My buddy owns a building on Yonge near Lawrence that has a hardware store and a rental unit above. Been in the family for 50+ years. He's given me insight to the landlord problems:
- Every 3-4 months some idiot will graffiti the side of the building or the garage. The problem is finding someone that can blast clean the brick within the 72 hour limit before the city imposes a fine. It costs ~$500-1K each time.
- He was forced by his insurance company to upgrade the electrical service in the store and rental unit. Total bill was >$20K as all the wiring had to be replaced, drywall fixed, new fixtures, etc.).

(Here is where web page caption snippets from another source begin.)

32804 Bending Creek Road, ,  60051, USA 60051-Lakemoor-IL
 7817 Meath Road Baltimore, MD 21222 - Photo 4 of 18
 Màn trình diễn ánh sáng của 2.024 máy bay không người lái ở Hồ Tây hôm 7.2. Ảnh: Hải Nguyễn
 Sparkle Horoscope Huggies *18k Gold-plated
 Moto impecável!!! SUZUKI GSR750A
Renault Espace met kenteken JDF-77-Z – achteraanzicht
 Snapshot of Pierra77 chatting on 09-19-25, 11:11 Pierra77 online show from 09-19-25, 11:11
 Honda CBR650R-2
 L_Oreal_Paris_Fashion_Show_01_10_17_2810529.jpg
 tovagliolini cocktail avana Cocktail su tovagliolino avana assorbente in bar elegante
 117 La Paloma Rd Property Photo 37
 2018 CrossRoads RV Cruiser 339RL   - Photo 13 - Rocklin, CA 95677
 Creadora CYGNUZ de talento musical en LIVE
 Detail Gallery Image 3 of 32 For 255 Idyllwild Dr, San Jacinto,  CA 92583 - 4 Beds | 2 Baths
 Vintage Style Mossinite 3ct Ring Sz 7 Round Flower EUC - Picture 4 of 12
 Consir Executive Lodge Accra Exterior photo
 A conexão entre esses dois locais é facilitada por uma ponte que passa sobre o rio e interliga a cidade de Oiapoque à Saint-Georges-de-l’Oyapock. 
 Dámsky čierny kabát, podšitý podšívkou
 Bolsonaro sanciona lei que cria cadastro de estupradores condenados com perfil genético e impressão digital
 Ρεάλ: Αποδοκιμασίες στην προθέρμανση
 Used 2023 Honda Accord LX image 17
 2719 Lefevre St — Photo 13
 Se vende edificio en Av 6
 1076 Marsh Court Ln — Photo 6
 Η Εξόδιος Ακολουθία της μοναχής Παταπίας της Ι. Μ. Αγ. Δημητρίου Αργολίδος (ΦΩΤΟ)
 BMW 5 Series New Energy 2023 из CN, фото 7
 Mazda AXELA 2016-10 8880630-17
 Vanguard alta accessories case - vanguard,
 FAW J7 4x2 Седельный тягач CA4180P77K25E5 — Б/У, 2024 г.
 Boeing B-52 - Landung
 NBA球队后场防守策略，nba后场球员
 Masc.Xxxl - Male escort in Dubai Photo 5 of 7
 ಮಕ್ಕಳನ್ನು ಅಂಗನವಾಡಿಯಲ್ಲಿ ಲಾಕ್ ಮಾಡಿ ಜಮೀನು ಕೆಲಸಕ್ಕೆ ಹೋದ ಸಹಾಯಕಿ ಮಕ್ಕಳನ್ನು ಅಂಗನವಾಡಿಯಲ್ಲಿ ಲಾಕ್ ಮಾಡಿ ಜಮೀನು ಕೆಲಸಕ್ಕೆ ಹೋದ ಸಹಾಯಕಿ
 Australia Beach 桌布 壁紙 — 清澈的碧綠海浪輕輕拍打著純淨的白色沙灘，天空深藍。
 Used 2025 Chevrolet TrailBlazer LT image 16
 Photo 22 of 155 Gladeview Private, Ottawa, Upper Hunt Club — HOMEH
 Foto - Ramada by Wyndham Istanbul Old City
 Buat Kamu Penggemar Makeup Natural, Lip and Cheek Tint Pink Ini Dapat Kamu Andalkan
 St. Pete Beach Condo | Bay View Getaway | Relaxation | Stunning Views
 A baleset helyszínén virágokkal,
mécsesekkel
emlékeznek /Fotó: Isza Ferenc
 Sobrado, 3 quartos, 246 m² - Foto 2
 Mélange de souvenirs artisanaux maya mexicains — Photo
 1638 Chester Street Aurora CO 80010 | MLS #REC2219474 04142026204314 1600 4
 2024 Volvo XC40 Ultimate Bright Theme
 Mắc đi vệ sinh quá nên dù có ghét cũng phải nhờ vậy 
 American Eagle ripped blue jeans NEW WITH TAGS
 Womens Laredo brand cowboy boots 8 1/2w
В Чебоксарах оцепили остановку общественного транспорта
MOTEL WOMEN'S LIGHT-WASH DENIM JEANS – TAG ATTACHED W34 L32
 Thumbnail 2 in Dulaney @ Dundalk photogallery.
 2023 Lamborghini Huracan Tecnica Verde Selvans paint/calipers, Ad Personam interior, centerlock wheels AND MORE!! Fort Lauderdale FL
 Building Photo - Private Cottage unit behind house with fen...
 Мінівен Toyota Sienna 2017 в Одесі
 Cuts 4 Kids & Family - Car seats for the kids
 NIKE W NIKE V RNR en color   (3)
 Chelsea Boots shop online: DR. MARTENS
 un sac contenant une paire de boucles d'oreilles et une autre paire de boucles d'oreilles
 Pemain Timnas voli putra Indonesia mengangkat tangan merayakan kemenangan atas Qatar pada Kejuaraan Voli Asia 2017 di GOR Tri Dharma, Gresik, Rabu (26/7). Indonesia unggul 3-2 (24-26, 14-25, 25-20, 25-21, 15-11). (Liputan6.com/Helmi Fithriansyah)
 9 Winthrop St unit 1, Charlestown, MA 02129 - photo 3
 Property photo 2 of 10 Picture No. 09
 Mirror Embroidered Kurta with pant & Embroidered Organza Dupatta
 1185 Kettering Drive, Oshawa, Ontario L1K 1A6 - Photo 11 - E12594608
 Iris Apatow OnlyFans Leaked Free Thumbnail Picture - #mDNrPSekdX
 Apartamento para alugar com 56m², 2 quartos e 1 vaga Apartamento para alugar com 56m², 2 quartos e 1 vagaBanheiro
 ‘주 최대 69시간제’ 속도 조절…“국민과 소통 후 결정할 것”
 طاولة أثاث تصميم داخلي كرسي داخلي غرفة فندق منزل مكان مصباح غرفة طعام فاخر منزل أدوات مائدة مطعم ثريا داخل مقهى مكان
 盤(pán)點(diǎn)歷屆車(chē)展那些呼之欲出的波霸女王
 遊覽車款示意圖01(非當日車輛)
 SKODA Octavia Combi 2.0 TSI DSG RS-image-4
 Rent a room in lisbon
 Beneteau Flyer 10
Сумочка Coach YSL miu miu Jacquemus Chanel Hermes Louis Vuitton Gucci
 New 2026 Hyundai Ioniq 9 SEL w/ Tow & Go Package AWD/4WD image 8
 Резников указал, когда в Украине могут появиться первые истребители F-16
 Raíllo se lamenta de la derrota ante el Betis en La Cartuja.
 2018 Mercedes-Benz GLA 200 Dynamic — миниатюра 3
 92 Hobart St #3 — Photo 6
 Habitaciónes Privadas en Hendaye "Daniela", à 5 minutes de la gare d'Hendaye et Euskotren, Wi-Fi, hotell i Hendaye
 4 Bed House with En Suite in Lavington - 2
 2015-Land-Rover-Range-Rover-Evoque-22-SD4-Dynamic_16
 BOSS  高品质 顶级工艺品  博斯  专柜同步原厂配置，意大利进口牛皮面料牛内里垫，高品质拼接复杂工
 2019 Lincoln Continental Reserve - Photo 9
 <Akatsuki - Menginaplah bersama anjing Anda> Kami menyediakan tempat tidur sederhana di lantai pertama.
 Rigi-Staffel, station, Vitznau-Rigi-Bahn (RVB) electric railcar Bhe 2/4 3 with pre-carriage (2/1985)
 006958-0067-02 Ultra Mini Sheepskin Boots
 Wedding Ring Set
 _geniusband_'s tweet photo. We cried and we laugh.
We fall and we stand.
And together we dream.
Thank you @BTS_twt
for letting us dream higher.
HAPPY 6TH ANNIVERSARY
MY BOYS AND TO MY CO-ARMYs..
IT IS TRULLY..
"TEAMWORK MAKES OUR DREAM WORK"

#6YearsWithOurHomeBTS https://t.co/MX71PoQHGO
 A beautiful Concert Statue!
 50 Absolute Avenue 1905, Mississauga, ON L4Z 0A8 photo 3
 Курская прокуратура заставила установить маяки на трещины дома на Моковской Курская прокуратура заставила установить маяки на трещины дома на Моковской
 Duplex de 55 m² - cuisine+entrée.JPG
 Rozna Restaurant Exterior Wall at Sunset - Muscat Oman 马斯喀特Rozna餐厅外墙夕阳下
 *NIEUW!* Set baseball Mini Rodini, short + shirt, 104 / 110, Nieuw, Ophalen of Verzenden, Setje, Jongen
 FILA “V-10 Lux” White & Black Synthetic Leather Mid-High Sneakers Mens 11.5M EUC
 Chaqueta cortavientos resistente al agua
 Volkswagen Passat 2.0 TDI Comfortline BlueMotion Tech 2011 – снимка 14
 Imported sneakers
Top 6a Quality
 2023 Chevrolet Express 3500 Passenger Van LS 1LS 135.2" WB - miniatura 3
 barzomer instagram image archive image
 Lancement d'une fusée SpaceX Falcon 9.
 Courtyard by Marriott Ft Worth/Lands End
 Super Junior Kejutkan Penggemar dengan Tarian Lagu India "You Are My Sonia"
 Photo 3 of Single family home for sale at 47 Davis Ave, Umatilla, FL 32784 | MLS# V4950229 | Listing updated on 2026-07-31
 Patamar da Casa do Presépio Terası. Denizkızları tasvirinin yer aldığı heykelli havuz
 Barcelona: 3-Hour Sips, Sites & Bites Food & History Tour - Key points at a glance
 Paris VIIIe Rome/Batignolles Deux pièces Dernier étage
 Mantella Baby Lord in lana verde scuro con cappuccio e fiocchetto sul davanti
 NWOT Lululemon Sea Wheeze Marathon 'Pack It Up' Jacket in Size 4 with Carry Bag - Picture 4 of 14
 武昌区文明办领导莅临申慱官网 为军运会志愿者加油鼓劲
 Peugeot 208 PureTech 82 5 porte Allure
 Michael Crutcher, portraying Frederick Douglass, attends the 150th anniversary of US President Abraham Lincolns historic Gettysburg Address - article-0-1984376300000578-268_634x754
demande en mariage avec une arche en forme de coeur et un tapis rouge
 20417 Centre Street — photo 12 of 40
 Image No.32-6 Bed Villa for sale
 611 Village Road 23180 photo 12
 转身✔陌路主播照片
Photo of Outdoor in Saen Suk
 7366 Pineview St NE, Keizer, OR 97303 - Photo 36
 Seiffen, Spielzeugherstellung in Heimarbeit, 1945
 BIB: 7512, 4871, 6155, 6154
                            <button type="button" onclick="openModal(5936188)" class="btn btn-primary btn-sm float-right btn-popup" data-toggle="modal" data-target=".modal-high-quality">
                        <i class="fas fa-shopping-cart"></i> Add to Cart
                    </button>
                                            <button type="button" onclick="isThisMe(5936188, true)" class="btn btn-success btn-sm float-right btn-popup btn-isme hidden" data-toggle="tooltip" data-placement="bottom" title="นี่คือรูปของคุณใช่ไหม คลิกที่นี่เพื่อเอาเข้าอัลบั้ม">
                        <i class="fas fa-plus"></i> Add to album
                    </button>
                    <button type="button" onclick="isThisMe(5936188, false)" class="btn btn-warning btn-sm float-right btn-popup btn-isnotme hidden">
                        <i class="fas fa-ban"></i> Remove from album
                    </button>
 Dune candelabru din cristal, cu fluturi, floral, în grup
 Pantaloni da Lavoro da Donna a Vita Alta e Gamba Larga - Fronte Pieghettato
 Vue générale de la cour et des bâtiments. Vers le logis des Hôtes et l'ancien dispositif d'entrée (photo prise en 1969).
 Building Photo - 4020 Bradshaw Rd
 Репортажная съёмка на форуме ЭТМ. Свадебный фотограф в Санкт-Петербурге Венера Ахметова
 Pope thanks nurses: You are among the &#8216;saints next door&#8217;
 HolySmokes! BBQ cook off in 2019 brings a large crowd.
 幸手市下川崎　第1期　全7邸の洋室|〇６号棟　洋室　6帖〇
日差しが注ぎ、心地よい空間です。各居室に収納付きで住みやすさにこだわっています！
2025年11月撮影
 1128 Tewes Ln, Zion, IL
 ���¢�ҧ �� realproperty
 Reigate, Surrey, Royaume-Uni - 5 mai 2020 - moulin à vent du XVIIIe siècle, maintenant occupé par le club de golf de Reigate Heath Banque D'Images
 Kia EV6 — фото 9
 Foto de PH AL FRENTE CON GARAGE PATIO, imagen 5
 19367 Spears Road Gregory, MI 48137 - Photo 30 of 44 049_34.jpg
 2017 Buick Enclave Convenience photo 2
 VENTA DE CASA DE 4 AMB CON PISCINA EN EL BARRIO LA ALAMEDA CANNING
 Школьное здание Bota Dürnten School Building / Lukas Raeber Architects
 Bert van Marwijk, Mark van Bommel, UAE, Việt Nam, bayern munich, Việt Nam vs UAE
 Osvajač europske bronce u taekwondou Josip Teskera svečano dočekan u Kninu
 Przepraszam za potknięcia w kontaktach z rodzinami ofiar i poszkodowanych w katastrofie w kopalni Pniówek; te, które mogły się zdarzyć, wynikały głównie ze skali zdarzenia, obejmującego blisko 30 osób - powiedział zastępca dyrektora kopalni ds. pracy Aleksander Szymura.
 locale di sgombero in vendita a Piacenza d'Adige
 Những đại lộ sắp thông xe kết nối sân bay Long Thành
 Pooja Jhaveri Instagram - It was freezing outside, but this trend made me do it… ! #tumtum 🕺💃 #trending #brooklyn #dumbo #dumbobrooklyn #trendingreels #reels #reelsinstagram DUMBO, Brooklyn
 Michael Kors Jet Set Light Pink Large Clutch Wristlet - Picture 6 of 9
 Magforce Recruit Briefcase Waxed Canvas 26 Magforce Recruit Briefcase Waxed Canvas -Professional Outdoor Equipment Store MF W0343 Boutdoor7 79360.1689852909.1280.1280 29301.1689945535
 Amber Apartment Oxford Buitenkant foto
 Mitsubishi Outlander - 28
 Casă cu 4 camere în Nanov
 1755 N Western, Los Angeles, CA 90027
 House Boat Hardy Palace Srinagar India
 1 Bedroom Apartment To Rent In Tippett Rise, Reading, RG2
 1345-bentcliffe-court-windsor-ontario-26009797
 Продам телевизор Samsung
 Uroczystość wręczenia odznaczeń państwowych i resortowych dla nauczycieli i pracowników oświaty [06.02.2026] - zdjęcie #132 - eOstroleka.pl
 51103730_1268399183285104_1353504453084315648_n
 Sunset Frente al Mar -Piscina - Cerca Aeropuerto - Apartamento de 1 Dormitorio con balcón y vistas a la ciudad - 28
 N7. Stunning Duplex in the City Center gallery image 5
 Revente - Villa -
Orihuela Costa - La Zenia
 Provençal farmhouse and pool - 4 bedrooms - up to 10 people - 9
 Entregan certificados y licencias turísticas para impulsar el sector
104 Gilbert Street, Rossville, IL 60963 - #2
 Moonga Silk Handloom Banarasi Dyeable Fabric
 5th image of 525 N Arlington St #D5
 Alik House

- He wanted to make some improvements (better doors, better windows, ramp for wheelchair into the store), but when he applied for the permits, the city said he had to make other improvements (improved fire escape, wider main door into the rental unit, mandatory wired fire detectors, stairs widened, etc.) The extra cost was ~$20K on top of the $25K he had budgeted for the improvements.
- At least once a month an idiot will put locktite into the main door's locks (very common problem). Few hundred bucks for the new lock and keys, but it's close to $1K a year.
- At the side of the building is a big asphalt pad that ~3 cars can use if visiting the store. It was in bad shape so the city told him he had to replace it (it was a risk to pedestrians). It was a few thousand to replace, but the city then told him he had to have a yearly permit to allow parking on the pad. Another city tax grab.
- Several times over the years when the rental property tenant leave, they stop paying and he spends 3-4 months of effort and expense kicking them out, then he has the cost of the damage they left, replacing the plumbing fixtures they stole and repainting and cleaning the unit. He figured the last tenant cost him $6K in lost rent and $3K in damages and repainting.
- 10 years ago an old oil furnace tank was discovered buried in the backyard of his building. It cost him $80K to remove and clean-up (oil was found in the soil of the properties around him - very big deal). He's still paying the loan off.
- He's putting off a furnace and air conditioning replacement.
- Every year his taxes go up more than inflation.
- Every year he has to familiarize himself with the latest bylaws and make sure he's in compliance
He claims he does make some money at the end of each year, but factor in his time, he's working for minimum wage. The real value is in the building, but that will eventually be taxed and there's no guarantees.